1. Technical Field
The present invention relates to a semiconductor device and a method of manufacturing the same and, more particularly, a technology for an LD (Lateral Double Diffused) MOS transistor as a high voltage element employed in a liquid crystal driving IC, etc., for example.
2. Related Art of the Invention
In the LDMOS transistor structure, a new diffusion region is formed by diffusing a different conductivity type impurity into a diffusion region formed on the surface side of a semiconductor substrate, and then a difference in lateral diffusion lengths of these diffusion regions is utilized as an effective channel length. Thus, since a short channel can be formed, the LDMOS transistor is suitable for the low ON-resistance device.
FIG. 18 is a sectional view showing the LDMOS transistor in the prior art. The N-channel LDMOS transistor structure is shown as an example. In this case, although explanation of the P-channel LDMOS transistor structure is omitted, it is well known that the P-channel LDMOS transistor structure has the similar structure except for the different conductivity type.

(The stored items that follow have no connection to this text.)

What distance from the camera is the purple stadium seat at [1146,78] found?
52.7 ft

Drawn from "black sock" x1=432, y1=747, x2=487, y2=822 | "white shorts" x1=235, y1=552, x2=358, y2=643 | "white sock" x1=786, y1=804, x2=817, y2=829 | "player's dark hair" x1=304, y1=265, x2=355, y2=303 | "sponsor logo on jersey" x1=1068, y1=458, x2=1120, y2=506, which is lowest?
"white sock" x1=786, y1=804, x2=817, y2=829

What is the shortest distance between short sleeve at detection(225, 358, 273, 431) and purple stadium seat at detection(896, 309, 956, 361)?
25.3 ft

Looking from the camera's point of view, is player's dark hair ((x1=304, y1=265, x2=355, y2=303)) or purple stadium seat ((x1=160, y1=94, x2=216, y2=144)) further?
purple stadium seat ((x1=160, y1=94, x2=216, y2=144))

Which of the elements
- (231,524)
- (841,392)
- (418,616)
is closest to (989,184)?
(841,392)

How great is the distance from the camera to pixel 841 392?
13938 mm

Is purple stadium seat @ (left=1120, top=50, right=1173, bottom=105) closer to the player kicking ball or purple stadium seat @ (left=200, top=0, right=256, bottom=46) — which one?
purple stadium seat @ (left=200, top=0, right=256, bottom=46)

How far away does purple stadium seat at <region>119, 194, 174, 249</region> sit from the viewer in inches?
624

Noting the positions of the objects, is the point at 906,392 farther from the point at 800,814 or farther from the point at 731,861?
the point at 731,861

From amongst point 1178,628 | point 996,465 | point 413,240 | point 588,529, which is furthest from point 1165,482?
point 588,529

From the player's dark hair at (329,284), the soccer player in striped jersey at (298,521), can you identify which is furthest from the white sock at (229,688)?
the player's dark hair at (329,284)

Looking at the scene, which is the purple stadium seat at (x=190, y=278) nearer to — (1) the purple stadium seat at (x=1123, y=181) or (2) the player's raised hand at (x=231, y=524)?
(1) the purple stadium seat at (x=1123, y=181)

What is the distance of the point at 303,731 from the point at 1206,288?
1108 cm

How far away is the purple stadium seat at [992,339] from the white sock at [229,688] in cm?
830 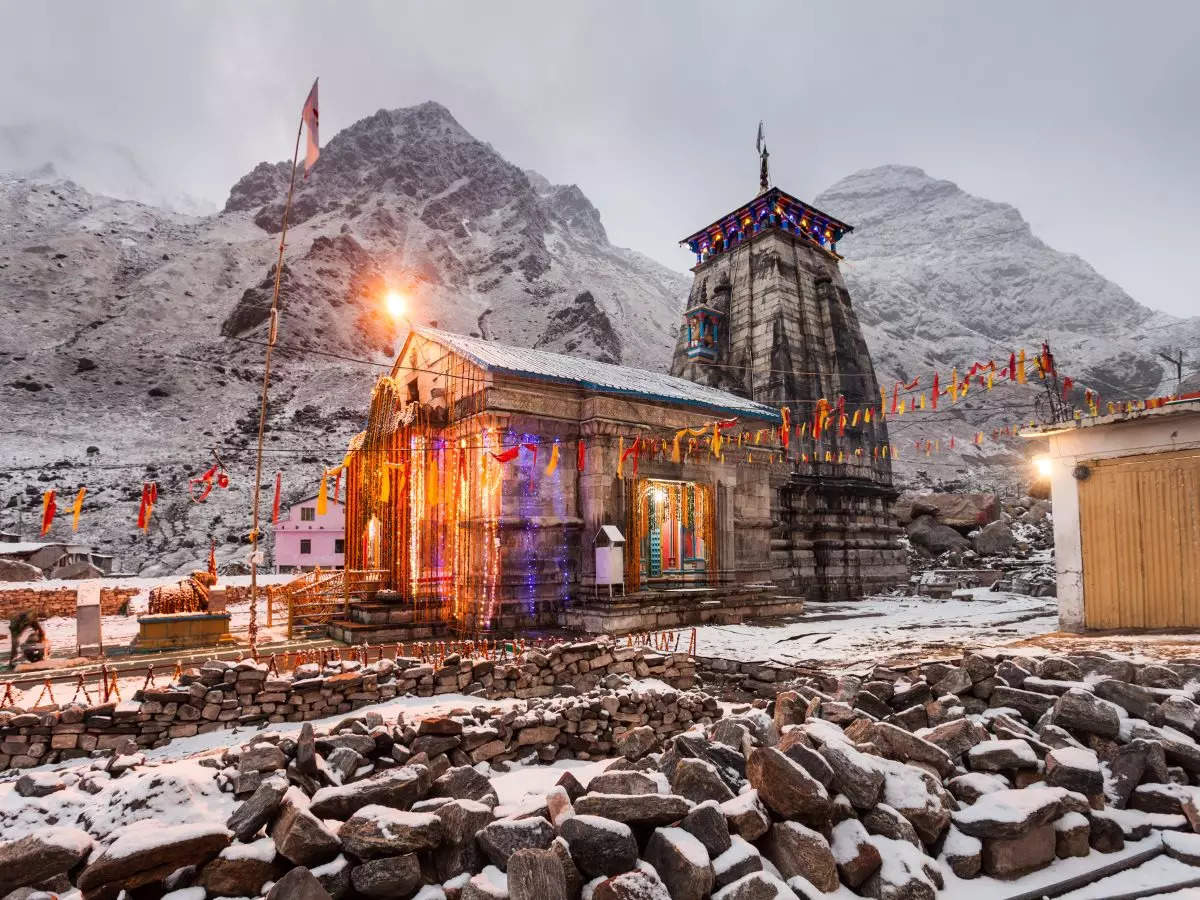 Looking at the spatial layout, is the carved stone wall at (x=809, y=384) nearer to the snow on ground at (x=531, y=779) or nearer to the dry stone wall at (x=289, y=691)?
the dry stone wall at (x=289, y=691)

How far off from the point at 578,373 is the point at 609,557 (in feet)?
17.9

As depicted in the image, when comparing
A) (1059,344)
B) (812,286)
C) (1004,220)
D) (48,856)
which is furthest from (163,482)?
(1004,220)

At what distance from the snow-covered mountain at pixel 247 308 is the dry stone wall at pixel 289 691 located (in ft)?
55.9

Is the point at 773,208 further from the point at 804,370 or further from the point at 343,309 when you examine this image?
the point at 343,309

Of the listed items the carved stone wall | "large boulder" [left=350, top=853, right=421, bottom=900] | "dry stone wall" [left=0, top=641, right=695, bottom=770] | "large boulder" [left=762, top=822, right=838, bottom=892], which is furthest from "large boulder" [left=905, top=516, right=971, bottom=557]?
"large boulder" [left=350, top=853, right=421, bottom=900]

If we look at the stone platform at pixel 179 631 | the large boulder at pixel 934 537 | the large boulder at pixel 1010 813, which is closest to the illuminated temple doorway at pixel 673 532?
the stone platform at pixel 179 631

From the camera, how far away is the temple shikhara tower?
25547mm

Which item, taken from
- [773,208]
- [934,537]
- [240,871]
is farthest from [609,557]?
[934,537]

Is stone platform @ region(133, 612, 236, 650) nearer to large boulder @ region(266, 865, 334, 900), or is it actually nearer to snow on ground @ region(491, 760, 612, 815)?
snow on ground @ region(491, 760, 612, 815)

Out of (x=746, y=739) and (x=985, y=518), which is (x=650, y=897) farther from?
(x=985, y=518)

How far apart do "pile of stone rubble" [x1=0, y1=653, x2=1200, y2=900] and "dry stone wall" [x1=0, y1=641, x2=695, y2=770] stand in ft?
9.02

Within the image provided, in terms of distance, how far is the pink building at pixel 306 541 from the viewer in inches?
1708

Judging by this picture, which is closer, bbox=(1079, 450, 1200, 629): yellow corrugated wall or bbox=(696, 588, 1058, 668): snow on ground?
bbox=(1079, 450, 1200, 629): yellow corrugated wall

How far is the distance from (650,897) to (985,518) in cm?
3749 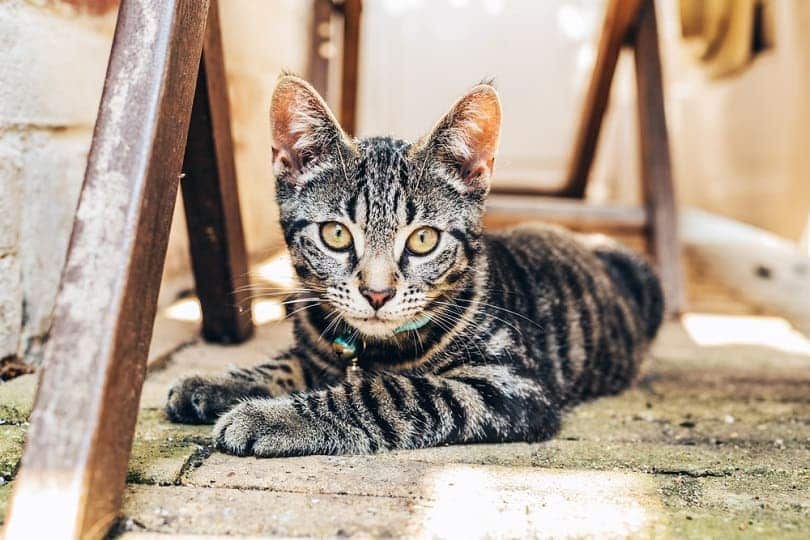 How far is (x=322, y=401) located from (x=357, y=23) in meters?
2.63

In FIG. 18, 1 denotes one conductivity type, e.g., P-type semiconductor substrate, and 2 denotes an N-type well region. A P-type body region 3 is formed in the N-type well region 2, and then an N-type diffusion region 4 is formed in the P-type body region 3. An N-type diffusion region 5 is also formed in the N-type well region 2. A gate electrode 7 is formed on a gate insulating film 6 on the surface of the substrate. A channel region 8 is formed on a surface region of the P-type body region 3 immediately below the gate electrode 7.
Then, the N-type diffusion region 4 acts as a source region, the N-type diffusion region 5 acts as a drain region, and the N-type well region 2 located under a LOCOS oxide film 9A acts as a drift region. Then, 10 and 11 denote a source electrode and a drain electrode respectively, 12 denotes a P-type diffusion region for supplying the potential to the P-type body region 3, and 13 denotes an interlayer insulating film.
In the above LDMOS transistor, since the N-type well region 2 is formed by diffusing the impurity, the impurity concentration of the surface of the N-type well region 2 is increased. Thus, the current is ready to flow through the surface of the N-type well region 2, and also the higher breakdown voltage can be achieved. Then, the LDMOS transistor having such configuration is called a REduced SRface (RESURF) type LDMOS, and a dopant concentration in the drift region of the N-type well region 2 is set to satisfy RESURF conditions. Such technology is disclosed in JPA (Patent Application Publication (KOKAI) Hei) 9-139438, etc.
However, as shown in FIG. 18, since the N-type well region 2 is formed uniformly up to the same depth position, it prevents the higher breakdown voltage and the reduction in ON-resistance.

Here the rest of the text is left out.